We students conducted an experiment where we inoculated an agar-filled Petri dish with a microorganism. The agar supplied the needs of this microorganism. Each day we used microscopes to count the number of microorganisms. Supplied with all its needs, the microorganism population grew logarithmically, until suddenly there was a massive population dieback.
The microorganisms had used much of their available resources and excreted so much waste that their finite environment could no longer support them. The teacher explained to us that all populations of animals, from amoebas to zebras, can experience the same sort of exponential growth, when resources seem infinite, followed by massive population dieback once resources are depleted and wastes build up.
Of course, balanced ecosystems provide mechanisms to keep populations in balance.

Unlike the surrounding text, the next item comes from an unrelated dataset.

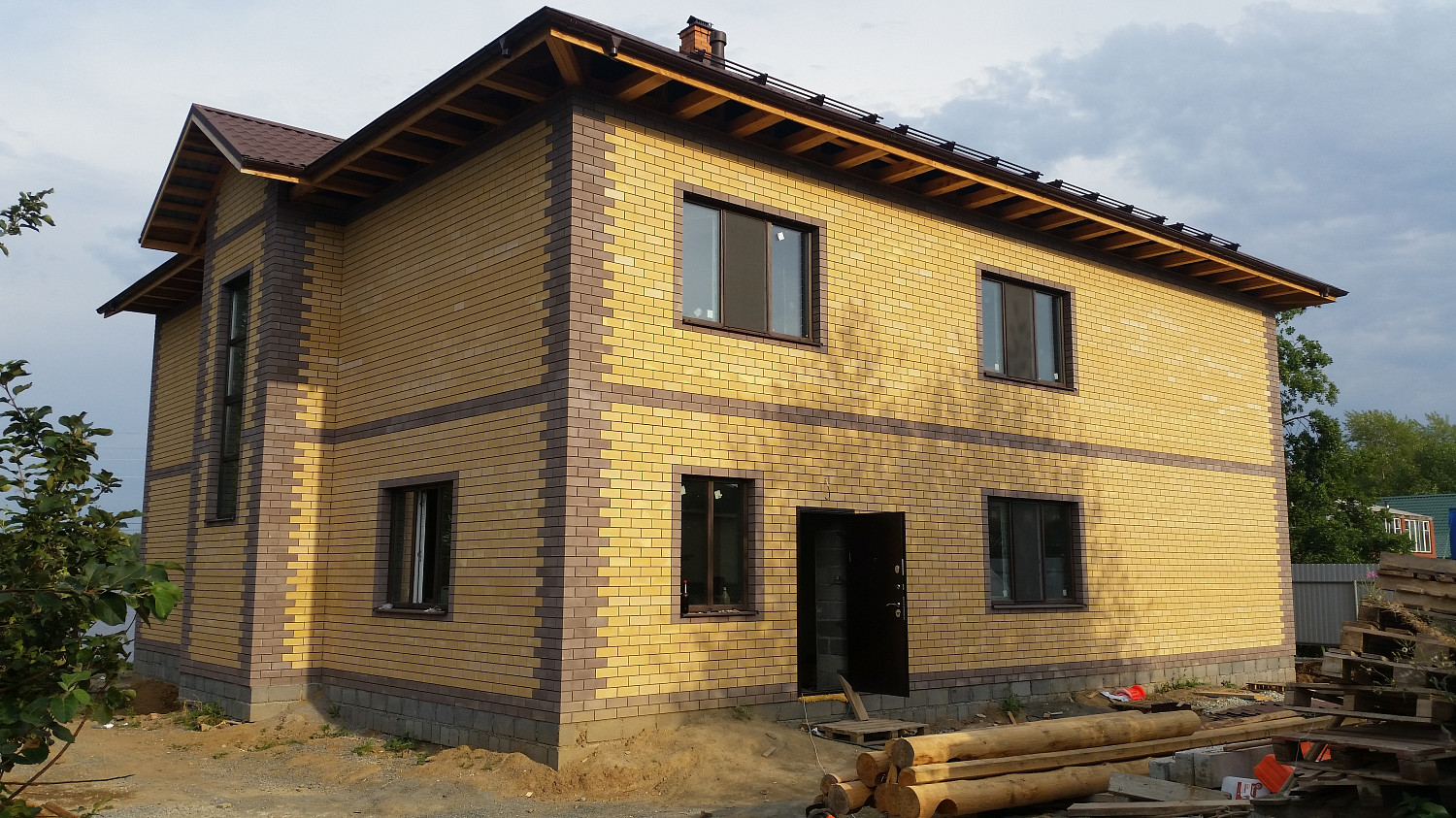 Пластиковые окна REHAU с ламинацией в кирпичный загородный дом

But humans are drastically upsetting ecosystems worldwide.
At the same time I was taking that class, photos of Earth taken from space profoundly impacted me. Though it was never said in class, it was obvious that the Earth is humanity’s Petri dish. Humanity is on that path of logarithmic population growth. Our wastes foul the planet and we are eating ourselves alive for something, anything to burn for energy.
The journal Nature, which currently feature’s the warning about Earth’s dire state from the scientists, notes that the Rio+20 Summit offers a second chance for our only home, Earth.
OVEC Executive Director Janet Keating will be at the summit.